The community room of the Albert Carlton Library in Cashiers was the venue for this stunning program sponsored by the Highand Cashiers Chamber Music Festival. The Festival is in its 32nd season and is directed by William Ransom. The concerts move chiefly between Highlands and Cashiers and are held in relatively small, congenial spaces such as this one, affording every listener close proximity to the players. One can not only enjoy the world class performances, but observe in some detail the beaded brows, the working musculatures, the fierce concentration, and all the other mechanics required to coax beautiful sounds out of boxes with strings. The members of the renowned Eroica Trio (violinist Sara Parkins, cellist Sara Sant’Ambrogio, and pianist Erika Nickrenz) were joined by violist Miles Hoffman and a 21-year-old violinist Margeaux Maloney who is a rising senior at The Julliard School. This concert was underwritten in part by Judy and Louis Freeman.

I haven’t heard the Eroica Trio in several years, and remembered them as consummate musicians with an aggressive performance style, huge gestures, and gorgeous clothes. The ensemble certainly seems to have mellowed a bit. Gone are what I had viewed as excessive movements I’d found distracting in previous performances. What I witnessed was a superbly poised, musically nimble and savvy group of beautiful women who seemed to have ditched the theatrics and simply played the heck out of each and every score. The gorgeous clothes are still there!

The opener was a Sonata in B minor for Trio by Flemish composer Jean Baptiste Loeillet de Gant (from Ghent, 1680-1722), thought to be the second work from Book 5. Though the original instrumentation of the work is uncertain (as it was common to interchange instruments based on what one may have had on hand), it worked well on the instruments of this trio, even the piano which was a modern substitute for the harpsichord. Typical of a sonata da chiesa, or “church sonata,” its four-movement format consisted of alternating slow and fast movements, the latter in imitative style. In the first two movements the cello initiated each phrase for the violin to follow. The simple, cantabile lines of the slow movements were exquisitely played and the expressive dissonances created by chains of suspensions were so beautifully interpreted they created some of the most moving music of the entire concert. The fast movements with their scintillating passagework in rapid-fire sixteenth notes were deftly executed and simply thrilling, with the piano-as-continuo providing the driving rhythmic and harmonic “track.” There was a mishap when a violin string broke during the second movement, but that gave rise to a series of great stories of other stage disasters shared by the ensemble (and Ransom, who happened to be page turning) while the string was replaced. Fabulous!

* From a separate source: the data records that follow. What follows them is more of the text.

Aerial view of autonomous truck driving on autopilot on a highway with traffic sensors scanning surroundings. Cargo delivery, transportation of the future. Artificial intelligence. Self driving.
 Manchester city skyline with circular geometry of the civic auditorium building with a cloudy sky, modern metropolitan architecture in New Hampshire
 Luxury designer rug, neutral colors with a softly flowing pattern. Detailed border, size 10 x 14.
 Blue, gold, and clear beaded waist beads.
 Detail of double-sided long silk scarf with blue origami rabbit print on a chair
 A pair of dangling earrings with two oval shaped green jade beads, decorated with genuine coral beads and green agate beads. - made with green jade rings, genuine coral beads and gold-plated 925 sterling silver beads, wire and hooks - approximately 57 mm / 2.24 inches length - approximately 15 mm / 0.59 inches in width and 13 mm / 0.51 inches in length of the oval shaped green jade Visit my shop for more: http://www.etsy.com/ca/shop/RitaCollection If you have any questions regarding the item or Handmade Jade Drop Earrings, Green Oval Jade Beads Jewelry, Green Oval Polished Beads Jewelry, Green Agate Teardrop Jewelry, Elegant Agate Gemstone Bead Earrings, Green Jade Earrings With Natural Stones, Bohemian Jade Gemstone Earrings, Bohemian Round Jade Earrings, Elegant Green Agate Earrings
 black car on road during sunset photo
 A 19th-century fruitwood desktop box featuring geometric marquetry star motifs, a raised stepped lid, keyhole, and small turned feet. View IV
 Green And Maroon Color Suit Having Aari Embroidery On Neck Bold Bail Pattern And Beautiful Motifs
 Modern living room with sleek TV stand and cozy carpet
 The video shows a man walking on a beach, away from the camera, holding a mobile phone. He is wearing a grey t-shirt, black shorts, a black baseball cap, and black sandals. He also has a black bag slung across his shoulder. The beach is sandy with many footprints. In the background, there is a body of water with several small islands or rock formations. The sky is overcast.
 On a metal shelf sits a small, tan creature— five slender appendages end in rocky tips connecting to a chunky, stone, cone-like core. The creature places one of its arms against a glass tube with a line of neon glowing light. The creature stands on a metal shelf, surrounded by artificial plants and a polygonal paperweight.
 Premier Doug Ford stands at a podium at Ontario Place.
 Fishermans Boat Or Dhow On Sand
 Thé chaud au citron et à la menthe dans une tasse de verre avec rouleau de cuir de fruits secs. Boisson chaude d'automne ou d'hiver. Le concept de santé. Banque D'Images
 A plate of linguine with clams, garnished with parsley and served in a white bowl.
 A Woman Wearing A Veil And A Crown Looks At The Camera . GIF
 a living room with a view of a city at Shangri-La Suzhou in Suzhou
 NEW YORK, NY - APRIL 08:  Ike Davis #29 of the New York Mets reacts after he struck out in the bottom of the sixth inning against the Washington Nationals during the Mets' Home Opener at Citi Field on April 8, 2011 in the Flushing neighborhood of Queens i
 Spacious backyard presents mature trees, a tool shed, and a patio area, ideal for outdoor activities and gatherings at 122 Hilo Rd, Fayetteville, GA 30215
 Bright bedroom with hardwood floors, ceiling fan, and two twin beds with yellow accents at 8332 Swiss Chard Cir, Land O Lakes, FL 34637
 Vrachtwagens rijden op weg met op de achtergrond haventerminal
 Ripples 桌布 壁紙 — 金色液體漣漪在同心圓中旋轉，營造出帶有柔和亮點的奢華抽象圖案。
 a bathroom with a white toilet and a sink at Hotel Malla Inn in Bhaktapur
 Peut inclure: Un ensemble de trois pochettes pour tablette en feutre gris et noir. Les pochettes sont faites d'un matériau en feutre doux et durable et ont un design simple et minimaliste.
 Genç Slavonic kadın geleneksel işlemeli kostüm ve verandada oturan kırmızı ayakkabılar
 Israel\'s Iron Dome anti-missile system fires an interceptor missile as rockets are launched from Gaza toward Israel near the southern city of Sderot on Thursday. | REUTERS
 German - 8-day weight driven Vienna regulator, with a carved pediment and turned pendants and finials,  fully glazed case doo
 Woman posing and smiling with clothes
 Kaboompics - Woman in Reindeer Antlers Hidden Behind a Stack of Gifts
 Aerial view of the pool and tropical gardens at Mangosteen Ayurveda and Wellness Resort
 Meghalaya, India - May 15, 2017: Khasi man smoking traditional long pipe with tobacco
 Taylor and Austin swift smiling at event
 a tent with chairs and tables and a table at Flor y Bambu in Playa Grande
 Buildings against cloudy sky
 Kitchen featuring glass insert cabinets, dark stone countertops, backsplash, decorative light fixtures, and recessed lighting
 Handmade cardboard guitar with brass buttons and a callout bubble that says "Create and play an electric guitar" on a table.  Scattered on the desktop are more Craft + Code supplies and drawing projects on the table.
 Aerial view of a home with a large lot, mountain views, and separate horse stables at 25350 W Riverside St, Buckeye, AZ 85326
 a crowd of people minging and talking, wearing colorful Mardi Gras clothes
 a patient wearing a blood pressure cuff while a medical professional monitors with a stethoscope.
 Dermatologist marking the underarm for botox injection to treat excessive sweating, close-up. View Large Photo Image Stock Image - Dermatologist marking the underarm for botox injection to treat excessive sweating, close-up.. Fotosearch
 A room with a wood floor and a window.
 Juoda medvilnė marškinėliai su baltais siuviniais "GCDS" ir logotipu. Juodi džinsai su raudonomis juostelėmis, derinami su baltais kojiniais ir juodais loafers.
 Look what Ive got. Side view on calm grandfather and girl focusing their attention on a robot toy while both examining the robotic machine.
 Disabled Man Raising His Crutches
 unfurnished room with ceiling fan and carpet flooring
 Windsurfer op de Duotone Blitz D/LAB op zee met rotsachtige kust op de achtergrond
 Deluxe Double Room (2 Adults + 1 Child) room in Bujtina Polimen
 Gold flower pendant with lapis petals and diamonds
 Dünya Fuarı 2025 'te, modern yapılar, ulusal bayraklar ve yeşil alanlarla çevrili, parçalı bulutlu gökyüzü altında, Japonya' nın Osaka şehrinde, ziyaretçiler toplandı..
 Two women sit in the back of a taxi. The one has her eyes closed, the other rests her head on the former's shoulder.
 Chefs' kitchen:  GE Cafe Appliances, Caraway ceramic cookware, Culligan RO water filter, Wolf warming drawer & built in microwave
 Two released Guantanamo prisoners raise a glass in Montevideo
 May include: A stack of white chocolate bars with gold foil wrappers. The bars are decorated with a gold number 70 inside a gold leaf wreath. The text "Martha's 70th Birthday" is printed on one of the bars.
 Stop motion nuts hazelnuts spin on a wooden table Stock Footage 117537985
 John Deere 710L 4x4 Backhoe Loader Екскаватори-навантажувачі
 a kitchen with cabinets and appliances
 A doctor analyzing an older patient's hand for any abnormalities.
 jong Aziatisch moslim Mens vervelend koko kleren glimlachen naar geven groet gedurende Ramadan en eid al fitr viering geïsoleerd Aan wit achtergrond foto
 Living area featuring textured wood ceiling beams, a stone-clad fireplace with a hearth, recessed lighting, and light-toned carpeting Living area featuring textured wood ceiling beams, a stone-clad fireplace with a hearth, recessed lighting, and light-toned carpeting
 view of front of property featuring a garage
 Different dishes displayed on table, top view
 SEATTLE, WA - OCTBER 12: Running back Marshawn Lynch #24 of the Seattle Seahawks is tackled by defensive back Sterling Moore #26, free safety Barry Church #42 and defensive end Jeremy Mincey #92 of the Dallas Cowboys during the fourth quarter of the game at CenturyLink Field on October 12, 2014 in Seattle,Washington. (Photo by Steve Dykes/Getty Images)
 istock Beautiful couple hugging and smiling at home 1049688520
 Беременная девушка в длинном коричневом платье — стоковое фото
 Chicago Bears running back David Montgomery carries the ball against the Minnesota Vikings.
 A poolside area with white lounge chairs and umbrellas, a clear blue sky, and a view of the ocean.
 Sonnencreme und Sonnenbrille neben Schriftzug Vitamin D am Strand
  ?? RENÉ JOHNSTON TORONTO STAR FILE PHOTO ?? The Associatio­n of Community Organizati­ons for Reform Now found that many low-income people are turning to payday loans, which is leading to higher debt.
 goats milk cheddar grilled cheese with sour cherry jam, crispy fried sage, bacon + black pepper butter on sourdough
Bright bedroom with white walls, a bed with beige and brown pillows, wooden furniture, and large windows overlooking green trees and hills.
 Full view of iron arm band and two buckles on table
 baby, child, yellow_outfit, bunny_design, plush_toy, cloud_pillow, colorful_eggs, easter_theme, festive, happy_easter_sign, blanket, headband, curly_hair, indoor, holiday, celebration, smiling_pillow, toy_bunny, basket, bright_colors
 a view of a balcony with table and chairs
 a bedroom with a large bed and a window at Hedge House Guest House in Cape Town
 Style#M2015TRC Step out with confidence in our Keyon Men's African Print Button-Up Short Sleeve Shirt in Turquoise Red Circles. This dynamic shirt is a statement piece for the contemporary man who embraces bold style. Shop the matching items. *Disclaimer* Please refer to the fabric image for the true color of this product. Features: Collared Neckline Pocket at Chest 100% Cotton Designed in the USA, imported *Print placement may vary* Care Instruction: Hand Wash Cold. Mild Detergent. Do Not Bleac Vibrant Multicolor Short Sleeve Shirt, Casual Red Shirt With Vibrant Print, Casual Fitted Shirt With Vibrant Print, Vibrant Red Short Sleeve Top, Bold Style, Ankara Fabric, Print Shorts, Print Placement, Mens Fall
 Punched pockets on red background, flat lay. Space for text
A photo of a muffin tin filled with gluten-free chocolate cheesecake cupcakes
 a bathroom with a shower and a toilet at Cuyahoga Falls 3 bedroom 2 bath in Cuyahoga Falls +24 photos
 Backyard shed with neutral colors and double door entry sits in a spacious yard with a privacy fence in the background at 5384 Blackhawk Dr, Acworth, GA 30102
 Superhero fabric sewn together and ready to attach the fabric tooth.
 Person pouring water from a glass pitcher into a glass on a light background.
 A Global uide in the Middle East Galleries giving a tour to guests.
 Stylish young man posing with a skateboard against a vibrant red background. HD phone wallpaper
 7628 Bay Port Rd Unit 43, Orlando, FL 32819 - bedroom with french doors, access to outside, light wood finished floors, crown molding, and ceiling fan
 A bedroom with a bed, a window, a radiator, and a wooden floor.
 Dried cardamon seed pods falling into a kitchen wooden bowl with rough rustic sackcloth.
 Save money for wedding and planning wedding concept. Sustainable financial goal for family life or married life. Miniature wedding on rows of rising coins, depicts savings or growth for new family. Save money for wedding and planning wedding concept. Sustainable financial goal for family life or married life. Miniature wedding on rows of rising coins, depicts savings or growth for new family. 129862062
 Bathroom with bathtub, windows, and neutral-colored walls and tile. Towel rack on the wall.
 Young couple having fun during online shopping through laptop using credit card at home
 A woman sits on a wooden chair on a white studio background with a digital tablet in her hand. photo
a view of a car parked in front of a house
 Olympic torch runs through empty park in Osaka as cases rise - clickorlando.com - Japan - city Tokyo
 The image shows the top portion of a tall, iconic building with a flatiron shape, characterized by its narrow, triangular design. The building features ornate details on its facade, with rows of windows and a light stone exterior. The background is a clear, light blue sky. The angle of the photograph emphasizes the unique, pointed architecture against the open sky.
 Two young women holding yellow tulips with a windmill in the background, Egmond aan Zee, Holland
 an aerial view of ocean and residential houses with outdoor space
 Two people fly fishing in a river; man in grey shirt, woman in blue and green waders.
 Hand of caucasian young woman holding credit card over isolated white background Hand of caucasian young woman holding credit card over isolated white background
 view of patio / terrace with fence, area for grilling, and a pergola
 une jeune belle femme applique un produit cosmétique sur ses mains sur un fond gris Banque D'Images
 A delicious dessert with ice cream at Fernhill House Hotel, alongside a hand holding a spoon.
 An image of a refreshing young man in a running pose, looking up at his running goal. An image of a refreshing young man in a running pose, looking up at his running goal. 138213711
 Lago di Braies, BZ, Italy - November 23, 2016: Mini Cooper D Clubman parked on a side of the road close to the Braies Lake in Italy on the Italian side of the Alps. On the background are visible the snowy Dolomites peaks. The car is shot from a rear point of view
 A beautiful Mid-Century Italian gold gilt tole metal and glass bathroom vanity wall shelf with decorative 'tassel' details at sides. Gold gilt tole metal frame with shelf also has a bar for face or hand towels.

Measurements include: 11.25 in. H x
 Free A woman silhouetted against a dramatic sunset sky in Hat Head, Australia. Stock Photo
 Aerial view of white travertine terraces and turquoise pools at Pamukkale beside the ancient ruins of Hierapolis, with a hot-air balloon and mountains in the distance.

Hoffman and Maloney joined the Trio just before intermission for Robert Schumann’s Piano Quintet in E-flat, Op. 44 (1842). This work of 1842 is an enormously appealing work, and of a size and scope that warrants its frequent use as a program closer. It is a work of superlatives — Schumann composed it, the first of a new genre, at lightning speed, and Mendelssohn stepped in and sight-read the piano part after Clara Schumann, scheduled to play it, fell ill. Though the piece is symphonic in conception, it still retains many moments of transparency, allowing the intimate conversations among the instruments to be heard. The first movement Allegro brilliante showcased the precision of the ensemble and their deep connection to its musical material, and the balance was just right, with the busy piano figurations never overshadowing the whole. The interpretation of the funereal second movement, In modo d’una Marcia, was also deeply satisfying. Each player dug into the mournful qualities of the principal, halting melody and somber dotted rhythms, relieved only by contrasting sections of either more cantabile melodies or agitato outbursts. All sorrow was abandoned in the following scherzo, an etude of dizzying scalar figures that whizzed up and down, and the final Allegro ma non troppo which built to a climax of contrapuntal episodes. The communication among the players and to the audience was superb and brought the house to its feet.

The standalone work after intermission was the massive Dvořák Piano Quartet in E-flat, Op. 87. Again, Hoffman joined the Eroica Trio for this work, and through him we heard the ghost of Dvořák, who also played the viola. Dvořák composed two piano quartets — this one was written in six weeks in 1889. Dvořák, of course, is famous for his advocacy of Bohemian music, and national characteristics appear over and over in this work. He must have had an orchestral sound in his head at the time of composition, as the sound ideal is big and bigger. The ensemble’s approach to the work centered around the big moments, all played without restraint or over refinement. The result was a raw thrill, even astonishing at times as new sound effects — the soft tremolos toward the end of movement one, for example — were generated. The second movement Lento vacillated between introverted and extroverted sections and each was strongly etched. The ethnic quality of the third movement Allegro moderato, grazioso was unmistakable, with the surprise simulation of the cimbalon in the high, tinkling piano part one of the most original moments of the entire piece. The finale predictably required lots of full-on playing through its many quirky modulatory turns and huge climaxes, and the ensemble delivered in spades, again bringing this audience to its feet.